The extended AndroidRipper tool generates test cases watching for events that cause a reaction from the application. Once the events that cause a reaction are detected, the technique of Amalfitano et al. generates test cases based on event-patterns identified by the authors. Therefore, the tool does not focus on testing high-level context variations.
By studying the papers of Griebe and Gruhn [44], Vieira et al. [37], and Amalfitano et al. [42], we found two papers related to testing context-aware Android applications: Mirza and Khan [110] and Luo et al. [111]. The corresponding tools are presented in the sequel.
Mirza and Khan [110] argues that testing context-aware applications is a difficult task due to challenges such as developing test adequacy and coverage criteria, context adaptation, context data generation, designing context-aware test cases, developing test oracle, and devising new testing techniques to test context-aware applications. In response to these challenges, they argue that context adaptation cannot be modeled using a standard notation such as the UML activity diagram. Therefore, Mirza and Khan extended the UML activity diagram, by adding a context-aware activity node, for behavior modeling of context-aware applications.
Mirza and Khan proposed a test automation framework named as ContextDrive. Its proposed model consists of six phases.
Mirza and Khan’s technique is similar to the one implemented in the tool of the “Custom-built version of the Calabash-Android” section. Therefore, there is also the restriction that the tester has experience in UML activity diagram modeling. In addition, the tool uses static data to execute test cases. Therefore, testing situations that use a lot of sensor data becomes infeasible (i.e., testing a GPS navigator application).
One of the difficulties in testing context-aware applications is the heterogeneity of context information and the difficulty and/or high cost of reproducing contextual settings. As an example, Luo et al. [111] present a real-time fall detection application; the application detects when the user drops the mobile phone under different circumstances such as falling out of the pocket or falling out of the hand. The application is programmed to send an email to a caregiver every time a fall event is detected by the phone. For this application, testing new versions of the application is very costly. Thus, Luo et al. [111] introduce the TestAWARE tool.
TestAWARE is able to download, replay, and emulate contextual data on either physical or emulators devices. In other words, the tool is able to obtain and replay “context” and thus provide a reliable and repeatable setting for testing context-aware applications.

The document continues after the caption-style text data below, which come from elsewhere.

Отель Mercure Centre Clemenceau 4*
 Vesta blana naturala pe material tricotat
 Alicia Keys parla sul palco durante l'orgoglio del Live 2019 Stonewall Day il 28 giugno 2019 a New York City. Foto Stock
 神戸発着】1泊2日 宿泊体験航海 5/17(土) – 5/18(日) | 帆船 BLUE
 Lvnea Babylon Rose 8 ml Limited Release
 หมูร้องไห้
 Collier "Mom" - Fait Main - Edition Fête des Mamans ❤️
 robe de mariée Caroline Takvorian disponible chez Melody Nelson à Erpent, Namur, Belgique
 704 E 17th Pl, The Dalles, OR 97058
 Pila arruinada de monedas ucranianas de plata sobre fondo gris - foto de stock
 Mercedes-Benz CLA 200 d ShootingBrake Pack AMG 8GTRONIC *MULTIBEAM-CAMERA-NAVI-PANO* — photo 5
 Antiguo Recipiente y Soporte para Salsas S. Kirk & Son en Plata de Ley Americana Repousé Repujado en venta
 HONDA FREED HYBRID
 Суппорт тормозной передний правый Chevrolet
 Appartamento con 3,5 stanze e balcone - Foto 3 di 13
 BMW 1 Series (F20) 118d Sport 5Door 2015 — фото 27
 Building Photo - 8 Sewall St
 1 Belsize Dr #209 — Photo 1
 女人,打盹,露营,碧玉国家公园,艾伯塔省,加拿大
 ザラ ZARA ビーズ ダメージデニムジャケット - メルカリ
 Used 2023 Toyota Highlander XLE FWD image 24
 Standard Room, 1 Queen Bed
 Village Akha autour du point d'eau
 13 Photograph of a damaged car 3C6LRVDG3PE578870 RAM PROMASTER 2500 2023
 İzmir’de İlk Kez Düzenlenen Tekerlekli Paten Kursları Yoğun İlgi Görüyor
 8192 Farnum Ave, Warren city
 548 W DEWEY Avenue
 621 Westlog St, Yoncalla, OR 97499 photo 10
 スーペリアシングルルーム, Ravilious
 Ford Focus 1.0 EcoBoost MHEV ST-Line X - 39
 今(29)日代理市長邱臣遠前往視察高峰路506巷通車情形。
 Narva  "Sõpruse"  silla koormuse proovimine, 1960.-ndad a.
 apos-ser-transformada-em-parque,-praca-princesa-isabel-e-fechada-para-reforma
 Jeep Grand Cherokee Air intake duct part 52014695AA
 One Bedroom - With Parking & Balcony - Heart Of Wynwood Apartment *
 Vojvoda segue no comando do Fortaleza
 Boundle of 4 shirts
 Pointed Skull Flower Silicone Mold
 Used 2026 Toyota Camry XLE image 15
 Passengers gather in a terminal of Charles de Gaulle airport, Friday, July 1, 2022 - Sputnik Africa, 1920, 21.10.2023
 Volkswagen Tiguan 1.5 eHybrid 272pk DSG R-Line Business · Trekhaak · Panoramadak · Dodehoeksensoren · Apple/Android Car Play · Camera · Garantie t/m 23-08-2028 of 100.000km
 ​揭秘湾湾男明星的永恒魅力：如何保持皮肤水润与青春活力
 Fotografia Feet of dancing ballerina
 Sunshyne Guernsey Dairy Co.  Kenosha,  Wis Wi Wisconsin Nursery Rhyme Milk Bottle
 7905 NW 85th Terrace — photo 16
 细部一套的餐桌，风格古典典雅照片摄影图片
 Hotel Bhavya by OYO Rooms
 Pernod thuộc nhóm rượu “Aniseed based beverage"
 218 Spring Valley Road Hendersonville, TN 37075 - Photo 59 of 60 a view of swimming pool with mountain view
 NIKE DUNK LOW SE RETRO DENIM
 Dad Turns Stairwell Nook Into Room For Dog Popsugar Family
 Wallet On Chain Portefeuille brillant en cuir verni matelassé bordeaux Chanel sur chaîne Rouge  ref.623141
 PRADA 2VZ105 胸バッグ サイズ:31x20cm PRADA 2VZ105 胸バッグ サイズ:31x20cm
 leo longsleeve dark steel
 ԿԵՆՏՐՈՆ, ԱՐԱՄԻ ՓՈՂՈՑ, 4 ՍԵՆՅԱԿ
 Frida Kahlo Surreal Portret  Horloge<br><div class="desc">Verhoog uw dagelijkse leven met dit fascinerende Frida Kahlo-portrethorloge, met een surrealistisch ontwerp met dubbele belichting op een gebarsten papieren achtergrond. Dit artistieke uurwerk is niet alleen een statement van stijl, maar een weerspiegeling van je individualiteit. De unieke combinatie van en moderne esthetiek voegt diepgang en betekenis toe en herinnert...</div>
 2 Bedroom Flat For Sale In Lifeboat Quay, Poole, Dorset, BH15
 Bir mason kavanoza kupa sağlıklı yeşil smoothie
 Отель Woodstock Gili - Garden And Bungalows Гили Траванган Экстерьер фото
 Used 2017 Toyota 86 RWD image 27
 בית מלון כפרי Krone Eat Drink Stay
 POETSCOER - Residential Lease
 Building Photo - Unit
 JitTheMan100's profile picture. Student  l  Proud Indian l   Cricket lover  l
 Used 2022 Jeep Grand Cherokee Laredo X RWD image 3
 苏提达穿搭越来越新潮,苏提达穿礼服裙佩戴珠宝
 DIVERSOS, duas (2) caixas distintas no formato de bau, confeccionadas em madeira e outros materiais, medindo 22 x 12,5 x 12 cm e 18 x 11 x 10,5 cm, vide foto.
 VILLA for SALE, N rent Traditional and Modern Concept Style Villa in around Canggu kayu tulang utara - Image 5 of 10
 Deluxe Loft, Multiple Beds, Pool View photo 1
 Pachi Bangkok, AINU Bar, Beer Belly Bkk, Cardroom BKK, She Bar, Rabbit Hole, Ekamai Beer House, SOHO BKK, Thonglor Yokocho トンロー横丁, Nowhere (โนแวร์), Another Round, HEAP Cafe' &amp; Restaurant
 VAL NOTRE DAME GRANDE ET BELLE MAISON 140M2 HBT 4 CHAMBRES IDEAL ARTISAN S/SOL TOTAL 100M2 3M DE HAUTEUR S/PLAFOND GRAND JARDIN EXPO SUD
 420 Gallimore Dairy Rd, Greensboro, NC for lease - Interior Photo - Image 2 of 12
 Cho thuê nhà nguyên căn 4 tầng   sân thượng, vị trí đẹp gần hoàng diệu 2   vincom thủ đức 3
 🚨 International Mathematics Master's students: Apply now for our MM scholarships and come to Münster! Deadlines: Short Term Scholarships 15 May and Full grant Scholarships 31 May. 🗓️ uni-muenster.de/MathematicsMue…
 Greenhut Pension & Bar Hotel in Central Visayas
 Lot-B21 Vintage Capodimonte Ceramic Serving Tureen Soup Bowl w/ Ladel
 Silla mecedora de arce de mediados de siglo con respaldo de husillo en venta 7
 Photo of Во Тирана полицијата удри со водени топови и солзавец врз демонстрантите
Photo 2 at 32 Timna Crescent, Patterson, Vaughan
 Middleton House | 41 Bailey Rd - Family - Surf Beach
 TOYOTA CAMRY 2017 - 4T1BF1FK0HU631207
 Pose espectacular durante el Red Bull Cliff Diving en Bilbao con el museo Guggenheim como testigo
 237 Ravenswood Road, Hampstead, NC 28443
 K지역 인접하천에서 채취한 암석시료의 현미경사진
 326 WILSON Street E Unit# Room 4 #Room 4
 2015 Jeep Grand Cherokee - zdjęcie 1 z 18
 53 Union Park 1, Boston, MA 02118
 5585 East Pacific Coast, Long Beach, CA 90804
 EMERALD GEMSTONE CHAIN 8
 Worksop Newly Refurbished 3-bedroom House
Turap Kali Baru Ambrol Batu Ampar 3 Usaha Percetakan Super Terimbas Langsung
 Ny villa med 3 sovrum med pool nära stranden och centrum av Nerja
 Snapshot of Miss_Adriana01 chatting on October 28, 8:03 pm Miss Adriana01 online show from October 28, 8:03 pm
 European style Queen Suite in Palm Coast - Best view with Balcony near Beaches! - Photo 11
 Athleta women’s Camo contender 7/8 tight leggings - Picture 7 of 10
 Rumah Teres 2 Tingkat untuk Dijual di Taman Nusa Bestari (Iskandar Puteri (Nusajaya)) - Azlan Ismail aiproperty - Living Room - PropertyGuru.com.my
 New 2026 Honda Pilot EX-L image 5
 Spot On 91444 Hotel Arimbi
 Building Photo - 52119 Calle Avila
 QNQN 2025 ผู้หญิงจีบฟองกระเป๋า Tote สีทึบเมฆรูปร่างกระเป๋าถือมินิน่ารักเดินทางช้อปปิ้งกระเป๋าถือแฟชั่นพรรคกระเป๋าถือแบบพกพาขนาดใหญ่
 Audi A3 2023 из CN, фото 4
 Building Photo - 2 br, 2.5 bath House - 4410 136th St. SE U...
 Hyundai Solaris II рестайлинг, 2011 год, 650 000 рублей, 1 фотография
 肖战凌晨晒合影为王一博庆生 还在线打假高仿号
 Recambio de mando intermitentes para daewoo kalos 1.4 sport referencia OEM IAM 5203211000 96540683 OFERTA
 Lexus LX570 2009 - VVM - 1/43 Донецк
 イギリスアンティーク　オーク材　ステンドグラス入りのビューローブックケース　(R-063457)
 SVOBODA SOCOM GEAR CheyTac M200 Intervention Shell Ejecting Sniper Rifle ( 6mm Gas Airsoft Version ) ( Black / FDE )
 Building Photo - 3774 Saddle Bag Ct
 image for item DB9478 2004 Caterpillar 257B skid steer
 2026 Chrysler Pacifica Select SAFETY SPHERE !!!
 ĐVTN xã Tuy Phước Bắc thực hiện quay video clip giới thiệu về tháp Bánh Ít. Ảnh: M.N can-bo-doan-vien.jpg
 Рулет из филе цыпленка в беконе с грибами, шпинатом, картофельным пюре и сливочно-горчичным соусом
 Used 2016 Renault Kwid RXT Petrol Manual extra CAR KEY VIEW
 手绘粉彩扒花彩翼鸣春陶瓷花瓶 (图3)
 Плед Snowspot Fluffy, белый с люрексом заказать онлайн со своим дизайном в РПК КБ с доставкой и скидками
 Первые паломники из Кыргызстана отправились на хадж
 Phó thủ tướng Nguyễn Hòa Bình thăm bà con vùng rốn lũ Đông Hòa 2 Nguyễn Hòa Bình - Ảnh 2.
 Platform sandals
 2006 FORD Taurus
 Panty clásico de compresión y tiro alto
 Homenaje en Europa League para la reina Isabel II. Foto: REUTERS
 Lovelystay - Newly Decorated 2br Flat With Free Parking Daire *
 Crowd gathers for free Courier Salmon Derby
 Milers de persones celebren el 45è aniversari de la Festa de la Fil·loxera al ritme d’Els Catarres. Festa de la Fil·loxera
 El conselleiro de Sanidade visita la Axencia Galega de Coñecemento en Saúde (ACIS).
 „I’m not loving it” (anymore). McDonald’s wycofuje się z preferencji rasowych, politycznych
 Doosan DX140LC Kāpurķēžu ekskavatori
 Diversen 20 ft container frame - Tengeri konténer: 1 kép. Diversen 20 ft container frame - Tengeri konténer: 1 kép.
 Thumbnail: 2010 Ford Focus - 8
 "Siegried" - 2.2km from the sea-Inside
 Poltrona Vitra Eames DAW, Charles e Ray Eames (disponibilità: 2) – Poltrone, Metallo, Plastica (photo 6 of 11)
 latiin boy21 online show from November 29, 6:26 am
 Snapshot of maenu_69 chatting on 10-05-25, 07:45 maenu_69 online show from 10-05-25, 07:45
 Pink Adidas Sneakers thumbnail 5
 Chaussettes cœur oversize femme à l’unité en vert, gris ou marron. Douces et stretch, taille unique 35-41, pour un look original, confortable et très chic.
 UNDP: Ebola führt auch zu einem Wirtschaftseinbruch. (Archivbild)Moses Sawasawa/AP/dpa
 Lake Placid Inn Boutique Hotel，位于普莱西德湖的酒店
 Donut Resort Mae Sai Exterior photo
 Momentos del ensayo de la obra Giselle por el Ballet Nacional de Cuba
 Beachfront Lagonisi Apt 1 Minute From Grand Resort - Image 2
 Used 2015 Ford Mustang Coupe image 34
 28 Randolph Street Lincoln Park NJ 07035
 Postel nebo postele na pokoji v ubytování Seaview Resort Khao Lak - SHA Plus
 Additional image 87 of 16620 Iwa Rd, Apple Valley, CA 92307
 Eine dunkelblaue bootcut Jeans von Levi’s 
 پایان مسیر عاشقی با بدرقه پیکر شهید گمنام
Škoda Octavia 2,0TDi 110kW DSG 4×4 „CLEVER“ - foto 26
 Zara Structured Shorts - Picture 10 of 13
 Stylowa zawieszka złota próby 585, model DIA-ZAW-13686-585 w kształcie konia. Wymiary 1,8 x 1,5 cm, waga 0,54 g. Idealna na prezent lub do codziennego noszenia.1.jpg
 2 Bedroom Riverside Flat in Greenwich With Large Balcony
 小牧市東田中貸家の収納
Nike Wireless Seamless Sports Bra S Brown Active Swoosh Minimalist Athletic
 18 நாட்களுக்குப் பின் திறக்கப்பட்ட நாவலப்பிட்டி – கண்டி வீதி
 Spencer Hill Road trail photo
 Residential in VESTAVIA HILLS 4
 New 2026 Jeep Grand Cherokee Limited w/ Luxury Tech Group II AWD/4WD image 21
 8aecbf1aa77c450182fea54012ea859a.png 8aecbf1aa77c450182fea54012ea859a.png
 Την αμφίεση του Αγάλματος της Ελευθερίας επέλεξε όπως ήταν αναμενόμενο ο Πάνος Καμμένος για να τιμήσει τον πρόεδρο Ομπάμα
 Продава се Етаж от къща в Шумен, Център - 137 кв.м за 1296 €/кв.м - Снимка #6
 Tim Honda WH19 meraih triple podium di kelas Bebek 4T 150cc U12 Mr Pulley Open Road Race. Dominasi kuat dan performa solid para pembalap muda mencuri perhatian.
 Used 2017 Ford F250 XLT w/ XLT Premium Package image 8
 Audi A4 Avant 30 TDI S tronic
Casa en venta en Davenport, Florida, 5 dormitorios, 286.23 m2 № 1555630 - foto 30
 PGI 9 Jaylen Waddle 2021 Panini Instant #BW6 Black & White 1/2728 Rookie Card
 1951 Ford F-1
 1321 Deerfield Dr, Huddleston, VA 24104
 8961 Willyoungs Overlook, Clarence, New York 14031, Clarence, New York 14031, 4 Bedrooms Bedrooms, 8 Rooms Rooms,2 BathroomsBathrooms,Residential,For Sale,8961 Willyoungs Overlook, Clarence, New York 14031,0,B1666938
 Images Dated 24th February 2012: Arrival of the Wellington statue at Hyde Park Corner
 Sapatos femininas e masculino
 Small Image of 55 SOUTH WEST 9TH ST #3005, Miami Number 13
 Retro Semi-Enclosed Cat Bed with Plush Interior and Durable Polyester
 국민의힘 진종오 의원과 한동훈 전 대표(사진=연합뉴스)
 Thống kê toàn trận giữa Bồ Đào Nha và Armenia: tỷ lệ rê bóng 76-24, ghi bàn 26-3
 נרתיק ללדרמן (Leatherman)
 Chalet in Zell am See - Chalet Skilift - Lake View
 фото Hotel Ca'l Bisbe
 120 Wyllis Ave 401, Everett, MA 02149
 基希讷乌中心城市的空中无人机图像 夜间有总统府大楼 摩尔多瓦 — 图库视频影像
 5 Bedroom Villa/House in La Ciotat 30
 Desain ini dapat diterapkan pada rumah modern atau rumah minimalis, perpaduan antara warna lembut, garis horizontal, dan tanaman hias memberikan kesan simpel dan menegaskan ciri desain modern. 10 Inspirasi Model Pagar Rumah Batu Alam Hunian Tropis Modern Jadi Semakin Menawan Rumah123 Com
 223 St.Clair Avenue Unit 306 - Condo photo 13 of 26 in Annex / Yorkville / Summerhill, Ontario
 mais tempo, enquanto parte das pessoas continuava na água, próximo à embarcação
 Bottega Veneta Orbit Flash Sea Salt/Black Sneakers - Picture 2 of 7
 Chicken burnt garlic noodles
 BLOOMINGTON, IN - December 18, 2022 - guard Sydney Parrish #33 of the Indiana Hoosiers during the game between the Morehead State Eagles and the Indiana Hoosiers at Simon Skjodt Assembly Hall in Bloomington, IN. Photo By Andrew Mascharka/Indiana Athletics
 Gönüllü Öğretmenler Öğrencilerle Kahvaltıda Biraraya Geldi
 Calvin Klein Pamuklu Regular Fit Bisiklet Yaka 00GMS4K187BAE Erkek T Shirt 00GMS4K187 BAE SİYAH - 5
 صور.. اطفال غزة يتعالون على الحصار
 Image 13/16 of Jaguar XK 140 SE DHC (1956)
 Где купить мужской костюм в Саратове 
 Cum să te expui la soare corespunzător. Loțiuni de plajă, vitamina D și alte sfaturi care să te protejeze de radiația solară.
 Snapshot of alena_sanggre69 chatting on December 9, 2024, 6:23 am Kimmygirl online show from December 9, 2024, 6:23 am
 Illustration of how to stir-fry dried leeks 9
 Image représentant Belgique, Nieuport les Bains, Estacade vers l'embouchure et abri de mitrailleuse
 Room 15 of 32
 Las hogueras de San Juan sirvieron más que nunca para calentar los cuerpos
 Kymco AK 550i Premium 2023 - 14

Luo et al. compare their tools with other available tools. In summary, they say TestAWARE aims at a wide variety of mobile context-aware applications and testing scenarios. It is possible because TestAWARE incorporates heterogeneous data (i.e., sensory data, events, and audio), multiple data sources (i.e., online, local, and manipulated data), black-box and white-box testing, functional/non-functional property examination, and the environments of device/emulator.
A limitation of the tool is that it is not possible to create test cases without executing each test case at least once in a real device in the real scenario. That is because it is a record and replay tool, it is first necessary to record the test cases and, therefore, it is necessary to submit the AUT on a real device under each of the conditions to be tested.
Among the found studies, Moran et al. [18, 52], Qin et al. [75], Yongjian and Iulian [71], Gomez et al. [81], and Farto et al. [83] present tools that were not intended for context-aware application testing. However, they support the testing of context-aware features.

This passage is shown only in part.